Plusieurs articles se penchent sur des textes qui décrivent des amours entre des Européens et des colonisé(e)s et placent la question de la rupture dans un contexte culturel et humain différents puisqu'à la base même de la relation, vu la situation de la présence momentanée du colonisateur, la séparation est prévue et marque des amours impossibles étant donné les préjugés eurocentristes. On retrouvera le cynisme éhonté d'un Pierre Loti ou la métamorphose superficielle d'un Mircea Eliade (voir Wolfgang Geiger) ou les cris du coeur de la Martiniquaise Mayotte Capecia ou de la Guadeloupéenne Simone Schwartz-Bart (voir Régis Antoine). Romuald Fonkoua, quant à lui, replace la question dans un contexte ethnologique en évoquant les textes de l'Afrique noire francophone car les réactions humaines et littéraires sont conditionnées par le contexte culturel: ainsi comment la notion est-elle perçue dans le cas de mulâtresses, de polygamie, de répudiation selon le droit coutumier, dans un monde de matrimonialité. Certaines questions similaires traversent la littérature maghrébine (voir Denise Brahimi) qui utilise davantage la voix des femmes pour confronter cet événement alors subi; là aussi des différences culturelles marquées comme les co-épouses, les répudiations ouvrent sur un monde littéraire et humain nouveau et fascinant.

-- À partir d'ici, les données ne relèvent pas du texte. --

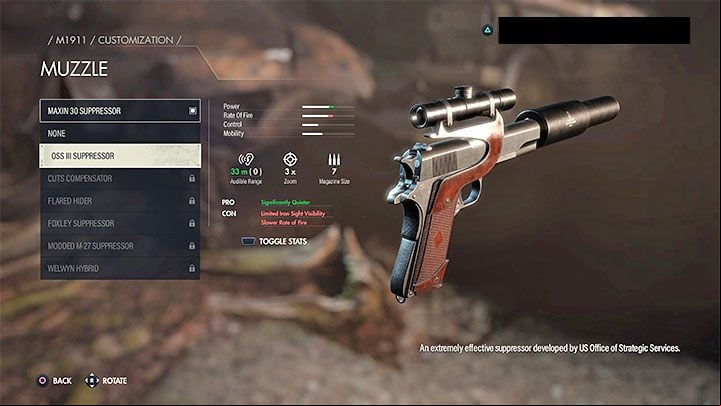 Silencers can reduce the risk of alerting the area, although they are not capable of eliminating it - Sniper Elite 5: Beginners guide - list - Basics - Sniper Elite 5 Guide, Walkthrough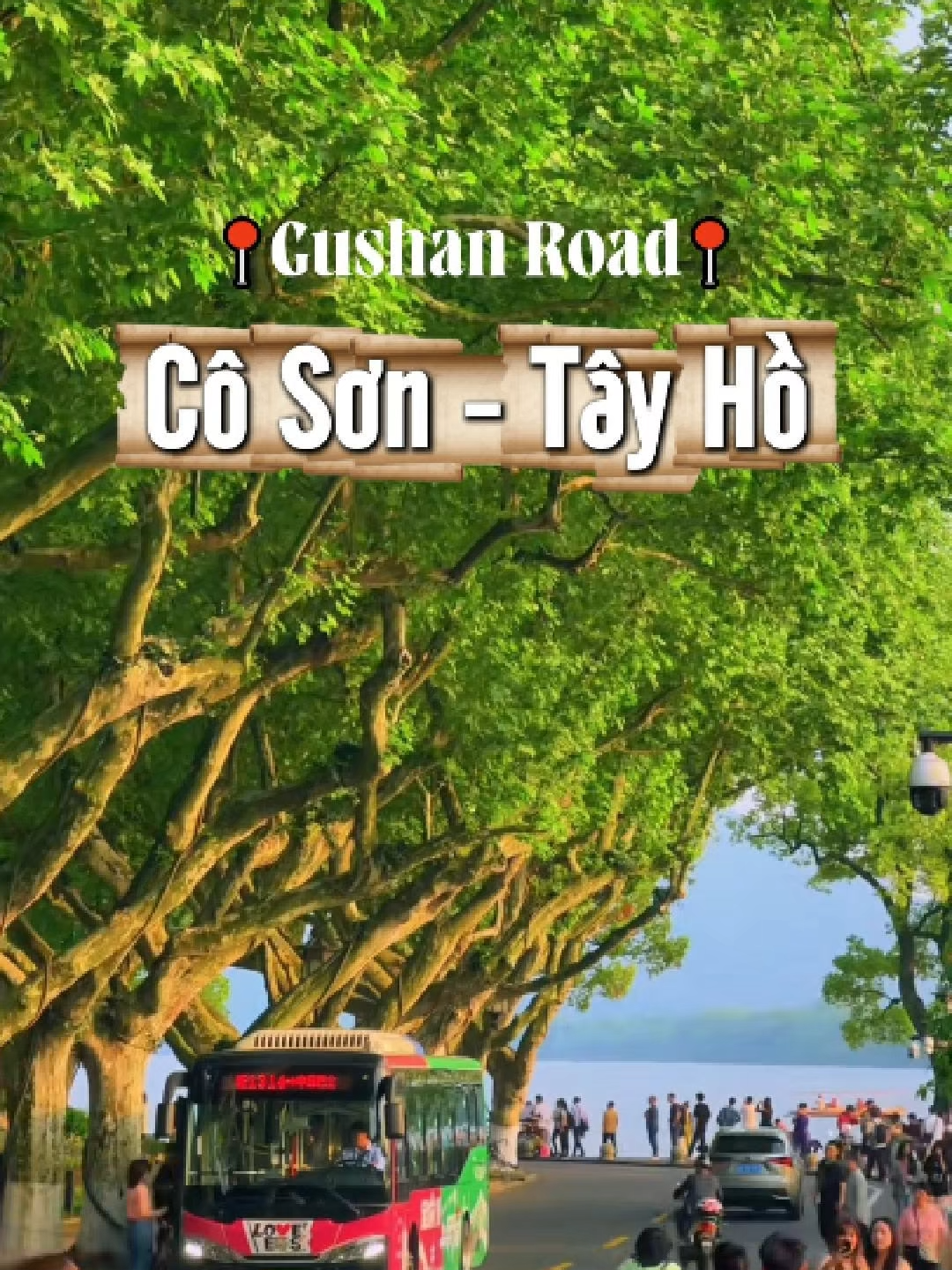 Khi đến Hàng Châu, nhất định bạn phải đưa người thương lên chuyến xe bus tình yêu WE1314 mang tính biểu tượng này trên đường Cô Sơn #checkin #gushan #hangchau #tourdulich #etrip4u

L'écriture du XXème siècle a vu s'épanouir une facette féminine vigoureuse et, dans la littérature américaine contemporaine, le sujet de la séparation semble indiquer une réaction nouvelle, métaphoriquement exprimée dans les titres de deux ouvrages récents; Waiting to Exhale (En attendant de souffler) et surtout Breathing Lessons (Apprendre à respirer). Dans une sorte de large boucle d'Ouroboros, ces métaphores lient le monde actuel à des expériences indoues ancestrales où, comme le montre Michèle Morris, la libération de l'individu et sa recherche d'identité passent par l'établissement d'un espace intérieur et la séparation marque en fait un nouveau départ dans la vie du personnage. A la lecture de ce texte cohérent et bien articulé, la rupture et le désamour s'avèrent plus riches et plus complexes littérairement parlant que la rencontre béate des amants.